Tours pendables

< mardi 18 mai 2004 >
Complément

Il fallait s'y attendre : la féminisation des noms de métiers, hier réclamée à cor et à cri par le gouvernement Jospin, et depuis lors mise en œuvre, à marches forcées, par nos lexicographes (voir notre second complément), complique notre langue beaucoup plus qu'elle ne la simplifie. En témoigne cette phrase, relevée il y a peu dans votre quotidien préféré, et qui en aura plongé plus d'un dans des abîmes de perplexité : « Ces propos ont été confirmés par l'une des sept militaires américains accusés de sévices. » On comprend ce qui, pour le sens, a motivé cet accord bizarroïde. Il est ici question d'une femme parmi des hommes et, militaire faisant désormais partie, comme ministre, des substantifs épicènes (entendez par là qu'il a les deux genres), on a voulu le faire sentir. Passons rapidement sur le fait qu'une mesure destinée à souligner l'ascension sociale du beau sexe se retourne dans ce cas précis contre ses auteurs : ce qui saute surtout aux yeux ici, c'est que, si la femme est devenue l'égale de l'homme, c'est au point de lui emprunter ses vilaines manières ! Sur le plan grammatical, quoi qu'il en soit, la situation est intenable : un mot (militaire) ne peut, au sein d'une même tournure, être à la fois féminin (une) et masculin (américains accusés) ! De tels imbroglios ne se produisaient naguère qu'avec une poignée de vocables (les fameux amour, délice et orgue) qui changeaient de genre en même temps que de nombre.
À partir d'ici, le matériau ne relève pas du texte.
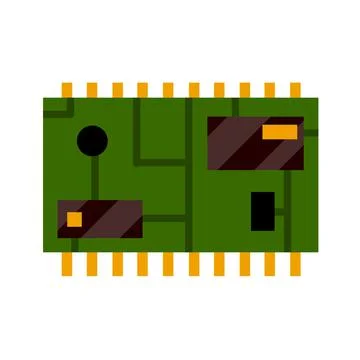 Chip. Modern technology. Flat illustration. Computer accessories. Stock-Illustration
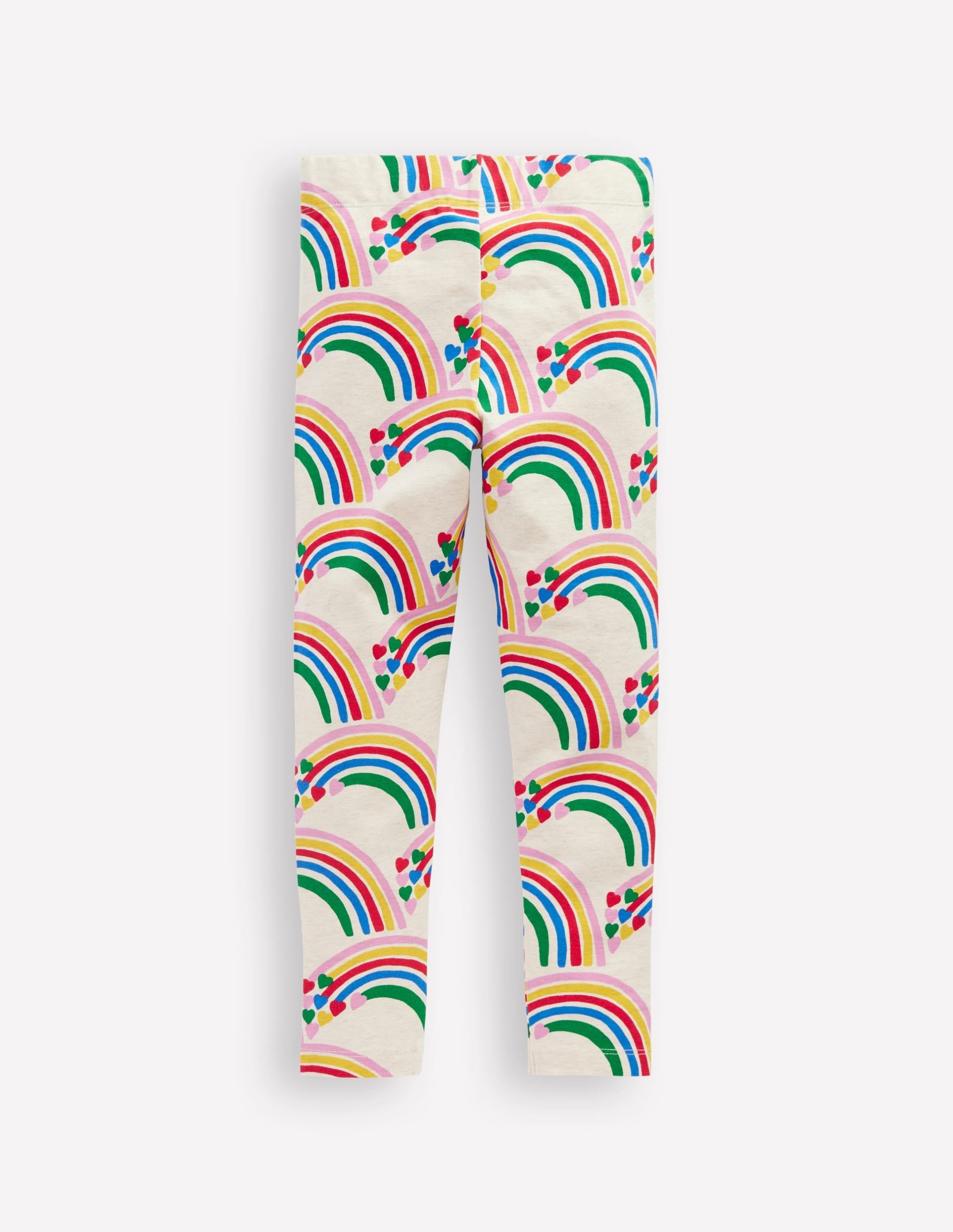 Fun Leggings-Oatmeal Marl Rainbow Hearts - Image 2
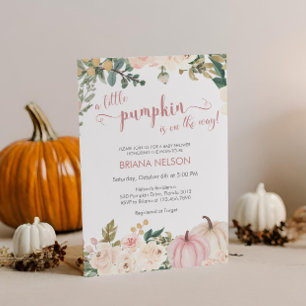 Invitation Une petite citrouille automne floral Baby Shower
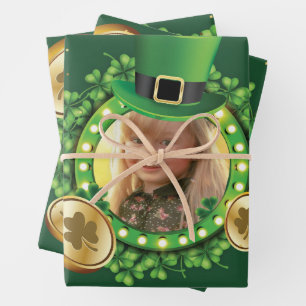 Personalisieren Sie Name und Foto St. Patrick's Da Geschenkpapier Set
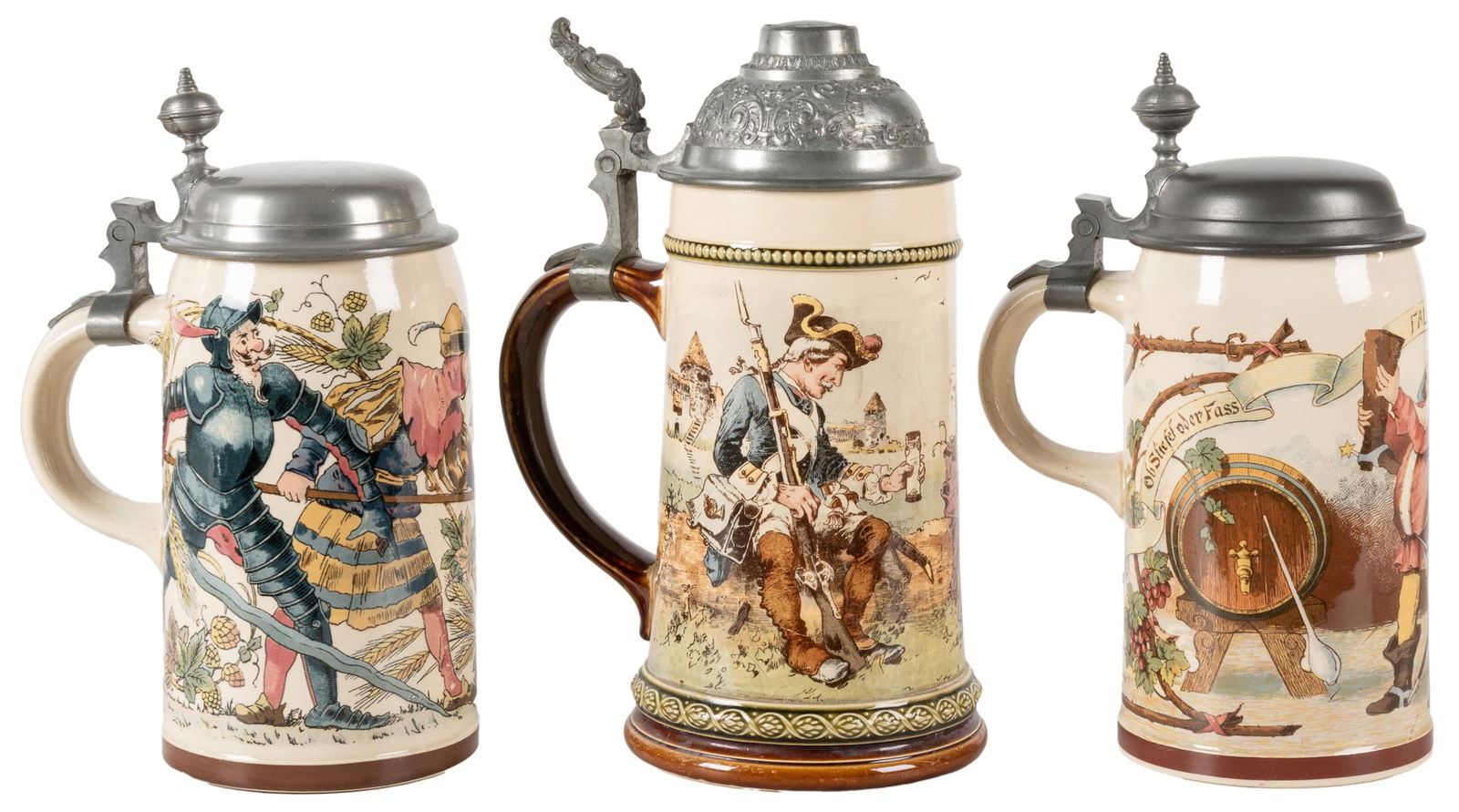 Three Mettlach Steins. Group of three half-liter German cer... (1 of 2)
Grevisse conseillait alors d'« éviter la disparate » et d'écrire, en oubliant qu'amour est normalement du féminin au pluriel : « le plus beau de tous les amours ». Reste à savoir si nos féministes, pour préserver ce qu'il reste à notre langue de cohérence grammaticale, sont prêt(e)s à mettre... leur sexe dans leur poche !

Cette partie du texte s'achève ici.